Kansas, Neonazista uccide al grido di Heil Hitler

Tre persone sono state uccise oggi in due diverse sparatorie in altrettanti centri ebraici in Kansas e la persona che presumibilmente in entrambi i casi ha aperto il fuoco e' stata arrestata.
Fonti di polizia hanno riferito alla Cnn che l'uomo che ha aperto il fuoco nei due centri ebraici in Kansas e' un neonazista sulla settantina. Testimoni hanno affermato che prima di sparare chiedeva ai presenti se fossero ebrei e poi gridava "Heil Hitler".

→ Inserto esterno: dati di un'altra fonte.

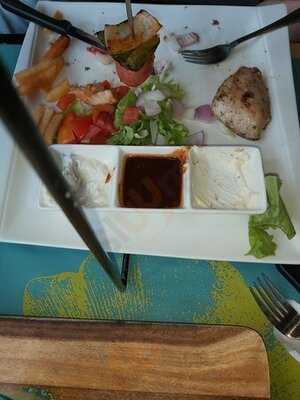 เดอะมาเบิ้ล คาเฟ่ แอนด์ เรสเตอรองท์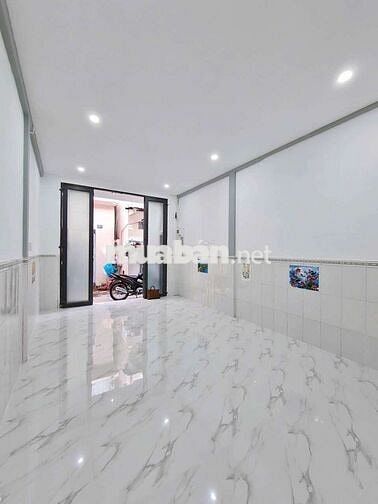Cho thuê nhà trệt lầu hẻm 4 CMT8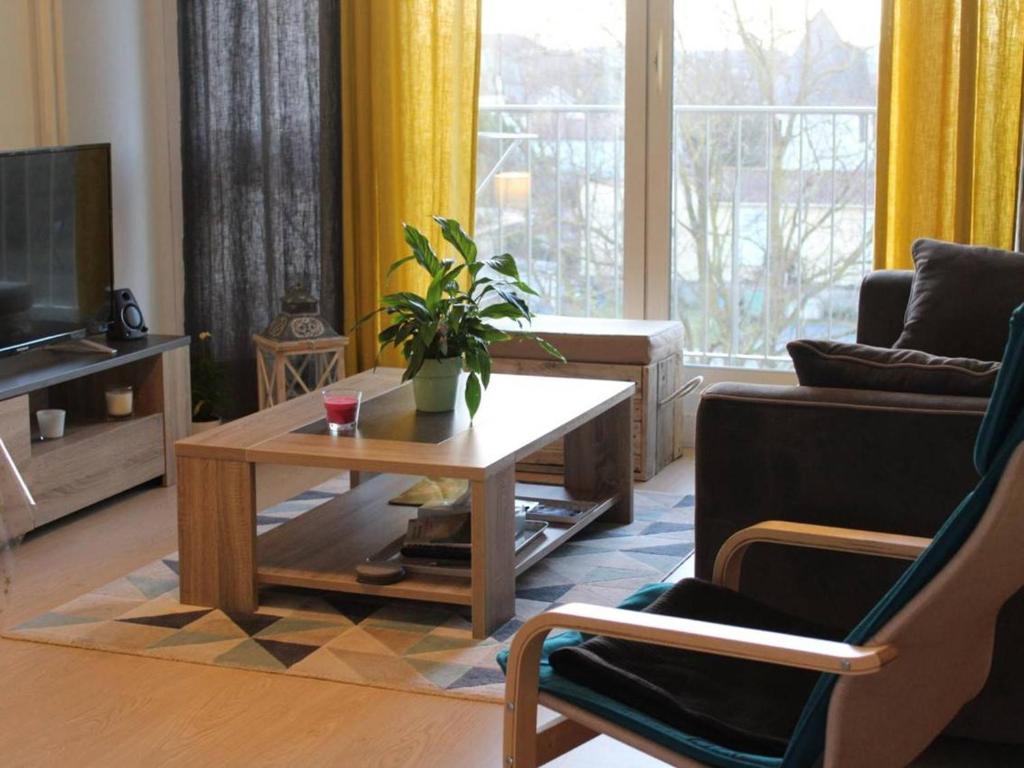 Appartement Appartement La Rochelle, 3 pièces, 4 personnes - FR-1-246-479 APPARTEMENT 46 - ETAGE 3 - BAT 8 DROITE SORTIE ASCENSEUR-8 RUE FELIX BRIDAULT 17000 La Rochelle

Secondo quanto riferiscono fonti di stampa, un uomo, di cui non e' stata rivelata l'identita' ma che è stato descritto come un anziano neonazista, ha iniziato a sparare prima nel Jewish Community Center di Overland Park, e poi ha continuato nel Village Shalom, a meno di due kilometri di distanza. Fonti mediche hanno riferito che nella sparatoria è stato inoltre ferito un ragazzo di 14 anni, che e' stato ricoverato in ospedale in condizioni critiche. Al momento della sparatoria, nel centro ebraico erano in corso delle audizioni per una gara di danza. Il centro "era pieno di ragazzi, di teenager", ha riferito l'inviata sul posto di una Tv locale, secondo cui quando l'uomo ha iniziato a sparare alcuni ragazzi sono stati portati al riparo in una stanza e gli è stato detto di sdraiarsi in terra. L'uomo è stato poi infine arrestato nei pressi di una vicina scuola elementare e, riferisce il Kansas City Star, mentre veniva portato via ha fatto delle "dichiarazioni antisemite".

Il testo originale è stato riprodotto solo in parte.